══ Given data ══
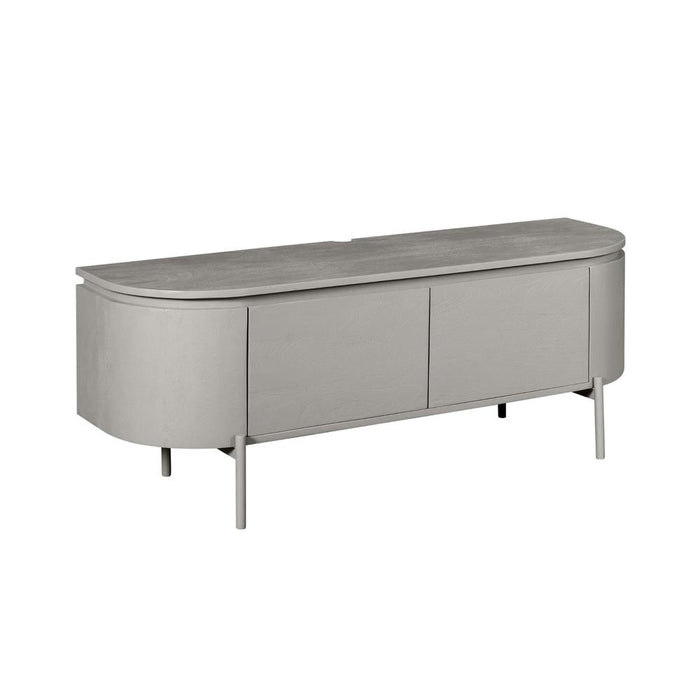 STARFURN TV-meubel Tv meubel Excellent Taupe 120 cm 120x30x35 cm-TV-meubels-Starfurn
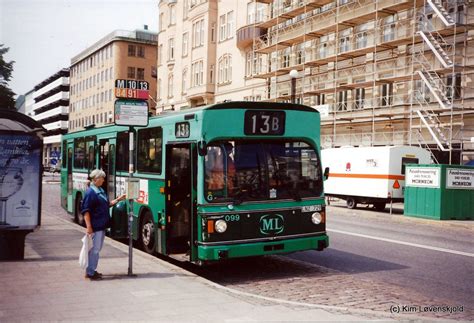 1984 Scania CN112CL Aabenraa Malmö 1994 ML 099 Kim L Flickr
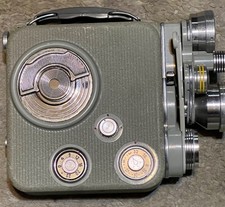 Vintage Eumig C3 8mm Movie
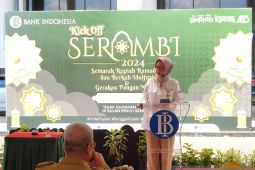 BI Kalbar sediakan uang kartal Rp3 triliun sambut Idul Fitri 1445 H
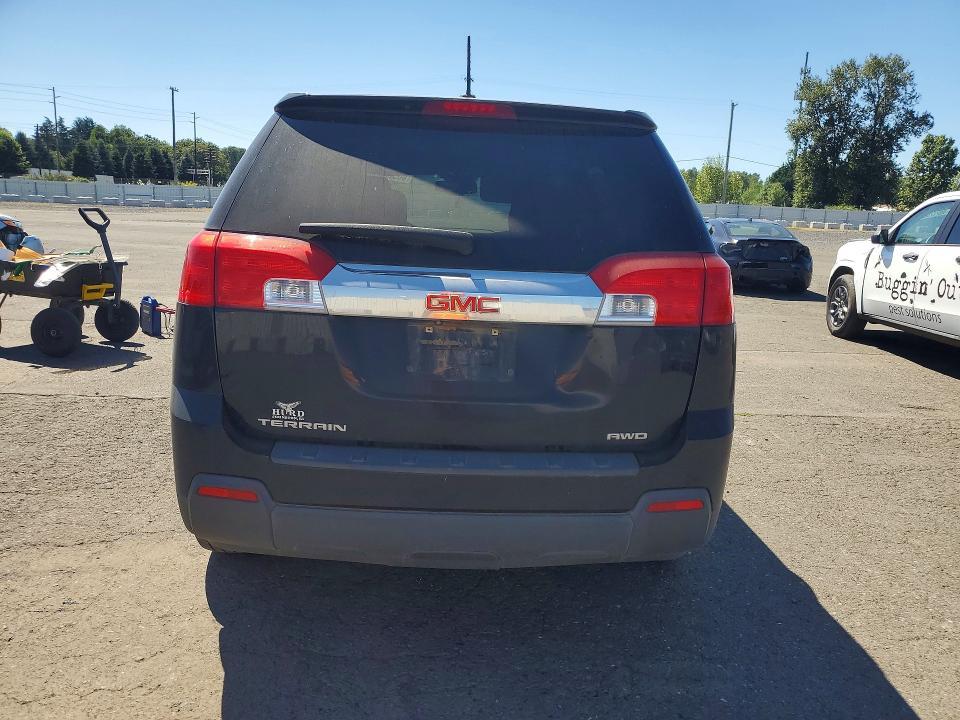 2015 GMC Terrain sle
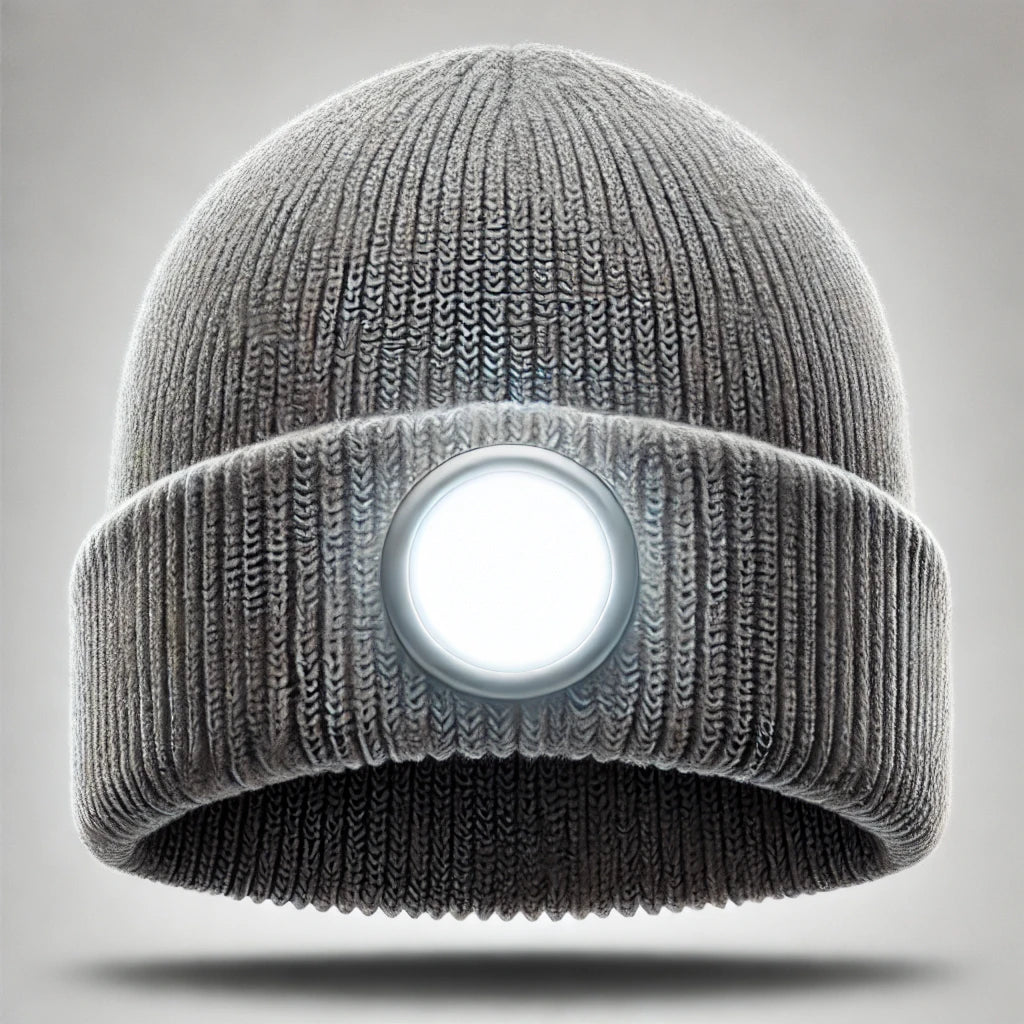 Monster Hunter LED Beanie Cap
═══
Retype the lines exactly. Begin at the one that holds "1984 Scania CN112CL", stop at the last line of the entries above, and drop the pictures.

 1984 Scania CN112CL Aabenraa Malmö 1994 ML 099 Kim L Flickr
 Vintage Eumig C3 8mm Movie
 BI Kalbar sediakan uang kartal Rp3 triliun sambut Idul Fitri 1445 H
 2015 GMC Terrain sle
 Monster Hunter LED Beanie Cap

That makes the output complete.